In fact, for "practical" ML specifically, I'd say optimization theory and knowledge of matrix computations and numerical linear algebra is more important than probability theory. It is only for "theoretical" ML (e.g. VC dimensions, Rademacher complexities) that you need some probability theory. 
In any case, to answer your actual question, the above commenter's suggestion of Durrett's Probability: Theory and Examples might be a good choice. My own suggestion might be Williams' Probability and Martingales.
But both are probably overkill, as they focus on continuous probability whereas ML focuses on discrete theory.
More appropriate, though I haven't read it, might be Grimmett and Welsh's Probability: An Introduction. Looks like it covers the right topics at the right level for your purposes.
A: I had to settle on some references relatively quickly.
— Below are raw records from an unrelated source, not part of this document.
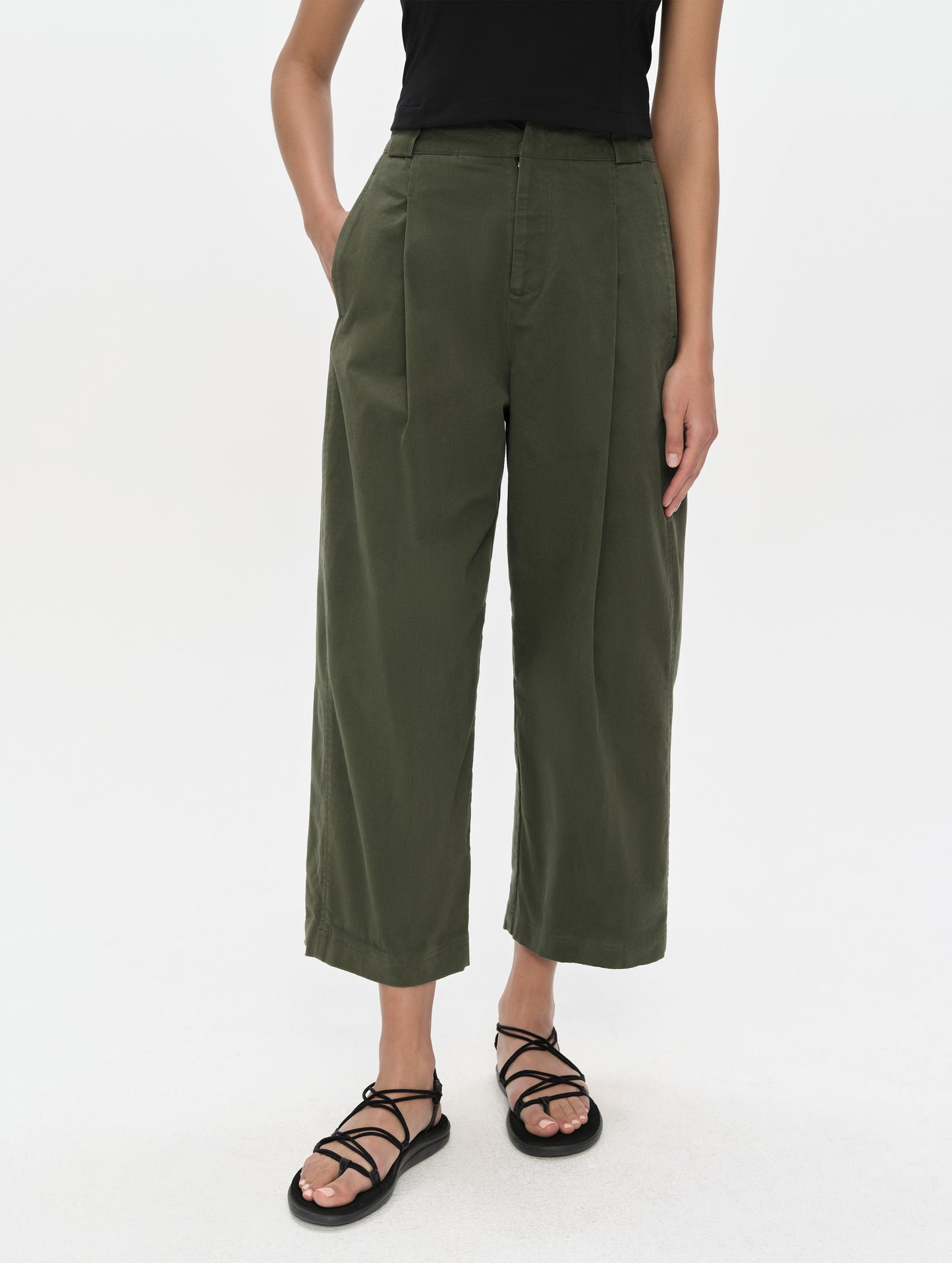 Front, lower-body view of woman wearing the Dune Pant in Forest Green from AETHER Apparel.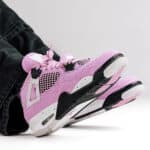 Air Jordan 4 Orchid - Authentic pink and black basketball shoes for sports and casual wear.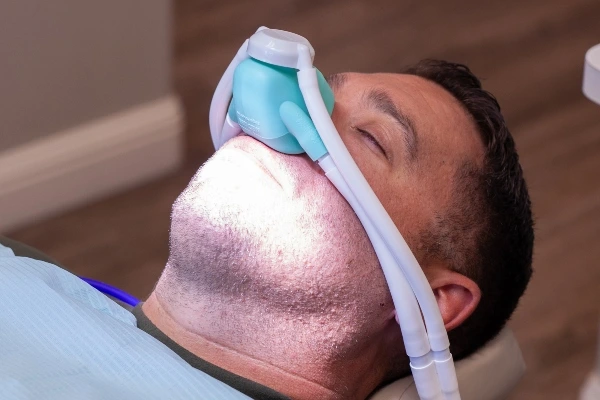 Young female patient with open mouth examining dental inspection at dentist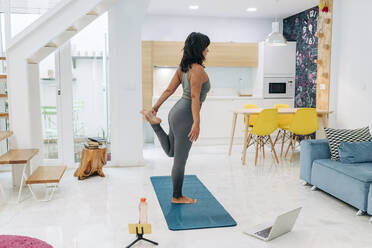 Ältere weibliche Influencerin macht Yoga und filmt dabei ihr Workout im Wohnzimmer mit dem Handy - JRVF01882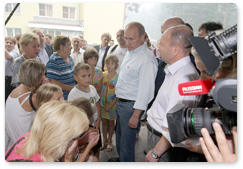 Prime Minister Vladimir Putin inspects the accommodations for evacuees from areas affected by wildfires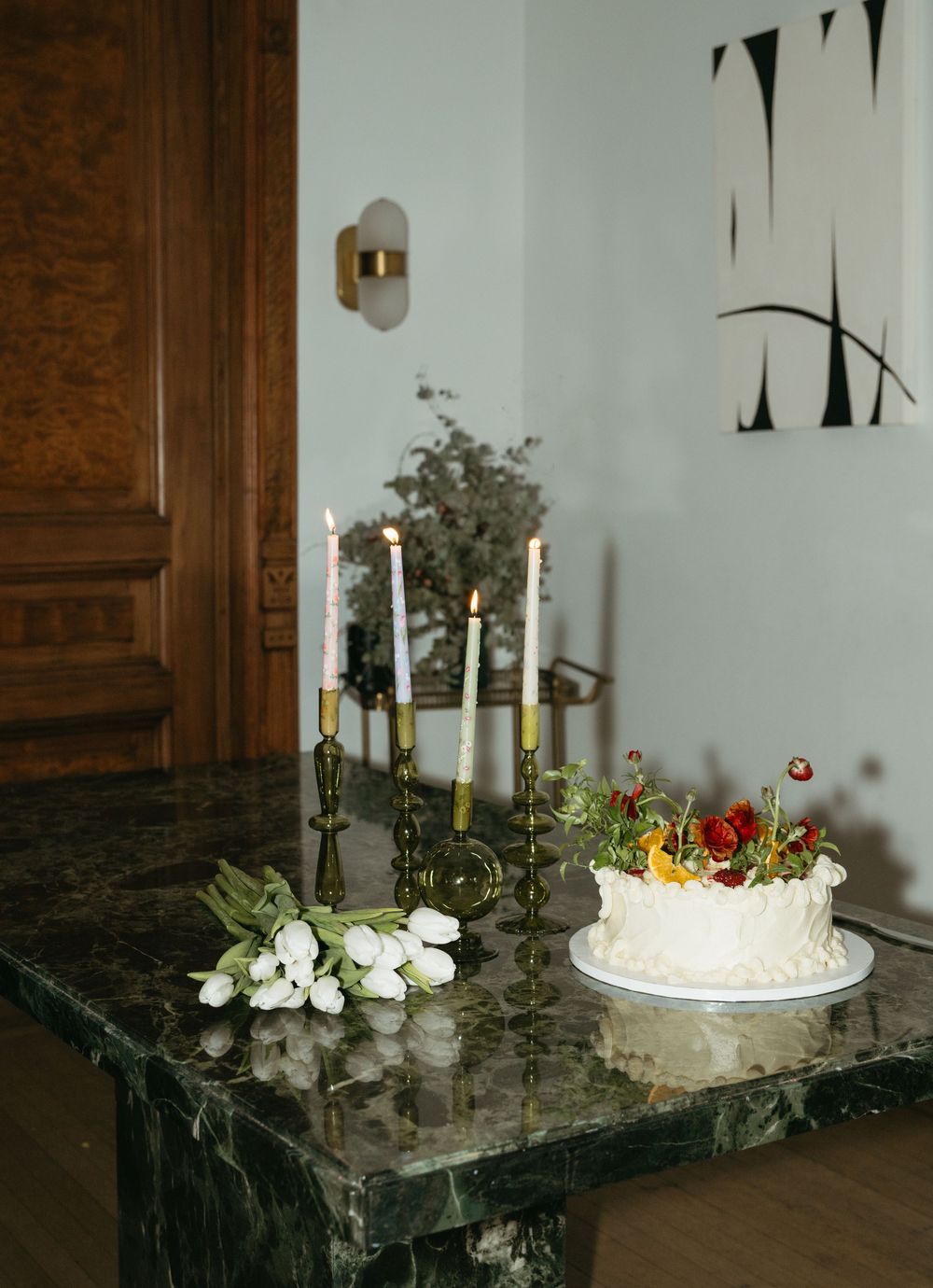 A series of elegant white candles and floral arrangements displayed on a dark marble surface for a special celebration.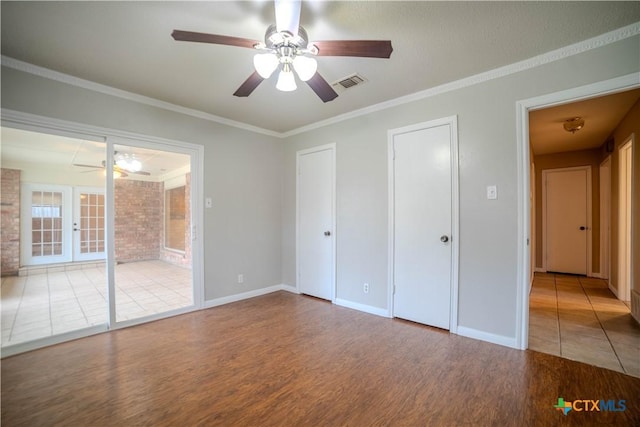 unfurnished bedroom featuring french doors, ceiling fan, ornamental molding, and hardwood / wood-style floors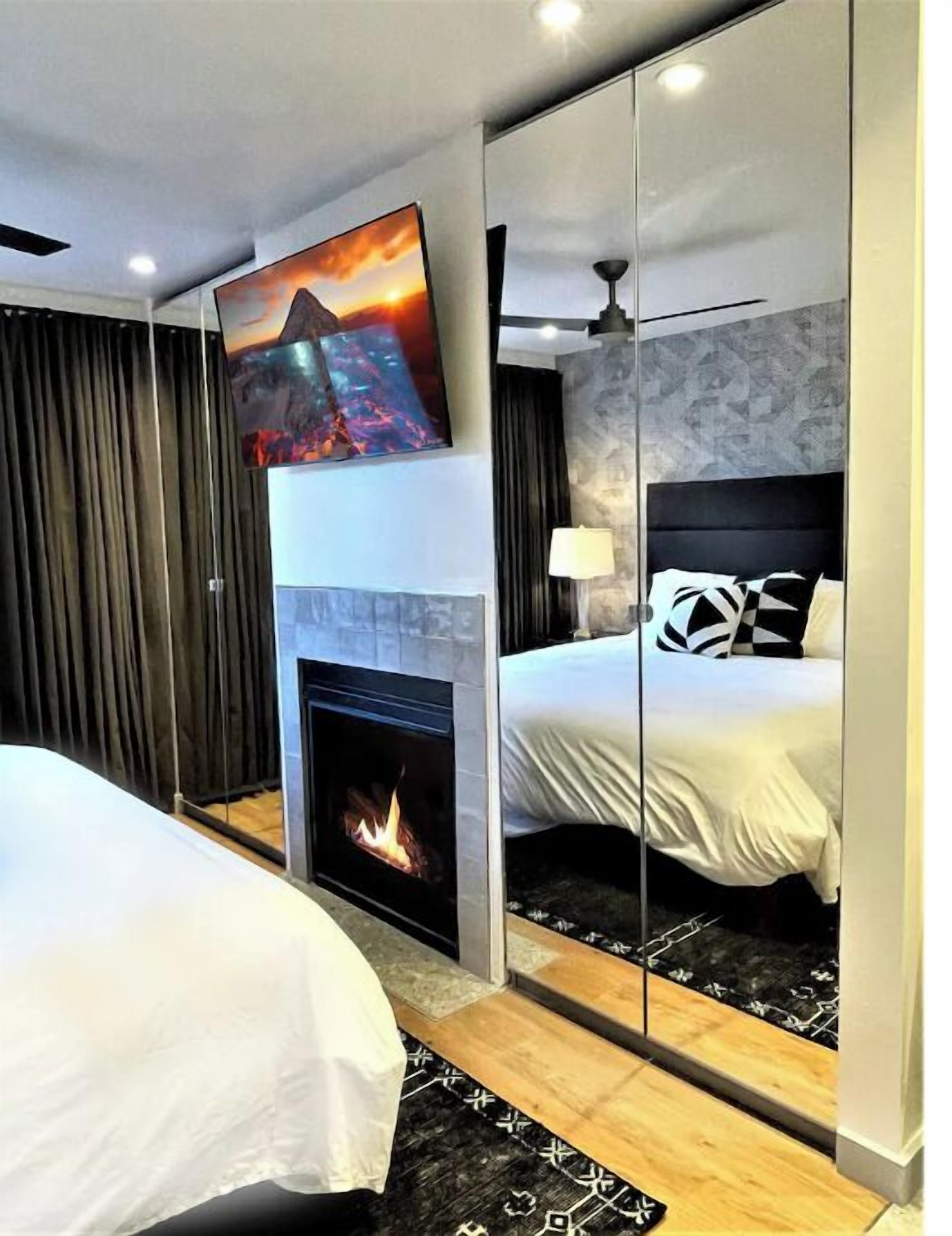 A modern hotel room with a fireplace, a bed with black and white bedding, a TV mounted on the wall, and a large mirror reflecting the room.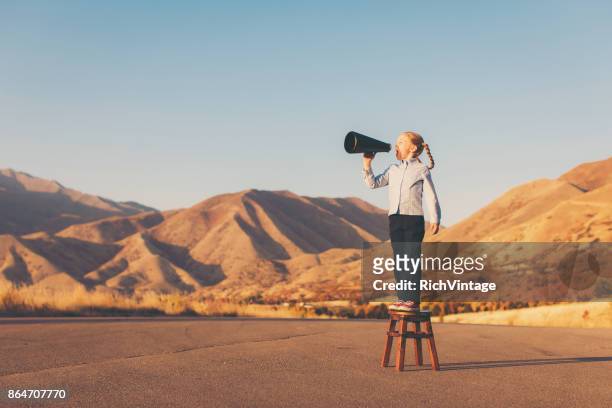 a young business girl uses megaphone - loudspeaker stock pictures, royalty-free photos & images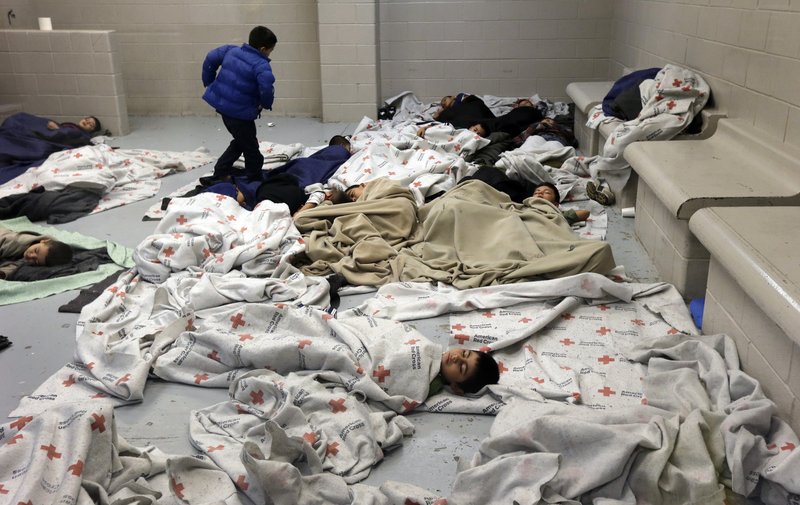 In this June 18, 2014, file photo, detainees sleep in a holding cell at a U.S. Customs and Border Protection processing facility in Brownsville,Texas. More than half of the nearly 60,000 Central America children who have arrived on the U.S.-Mexico border in the past year still don't have lawyers to represent them in immigration court and many of those who do have volunteer attorneys scrambling to brush up on immigration law. Advocates are holding training sessions to help private sector attorneys learn how to work with traumatized, Spanish-speaking children, many of whom have come fleeing violence.
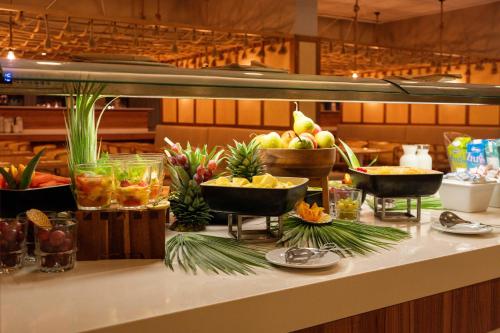 a buffet with fruits and vegetables on a counter at Aqualuz Troia Mar by The Editory in Troia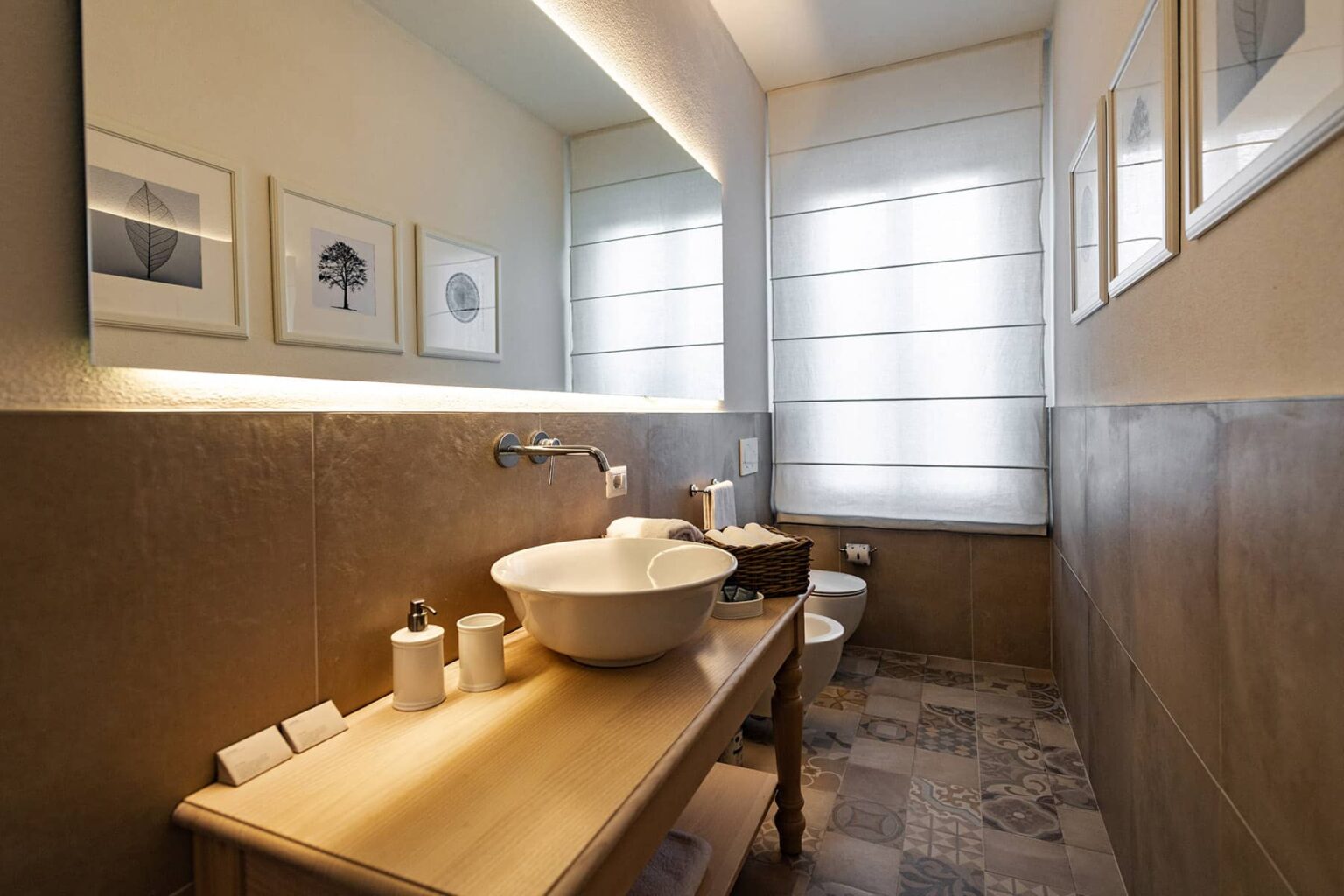 Modern bathroom featuring a wooden vanity with a round basin, decorative toiletries, and framed artwork on the walls. Natural light filters through sheer window coverings, highlighting the stylish tile floor and clean design. | Only on SopranoVillas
As noted in some comments here and in my other question, the ability to follow a mathematically advanced presentation does not necessarily imply that such an exposition is the best intro to a new area, which I found a good point.
Mostly I am following the book "Statistical Inference" by Casella and Berger. It treats both probability, in the first 4-5 chapters, and statistics, which I regard as a plus in my current situation. It is not particularly challenging mathematically but at the same time not too sloppy (my impression anyway).
Occasionally I look at the book "Elementary probability" by Stirzaker. It contradicts most of what I asked for: It is long, does not cover much ground, and it is not at all mathematically sophisticated. However, it provides a huge number of non-trivial solved examples and problems, which should be useful in developing some intuition for the field.
The work by Durret seems a fine book but I have only skimmed it, and I am also well-disposed towards Feller "An introduction to probability theory and applications" (2 volumes), but those will have to wait for another time. 
Hopefully at some point I will also have time to check other suggested references, and some other people may be interested too, so do not let this answer stop you from posting other answers.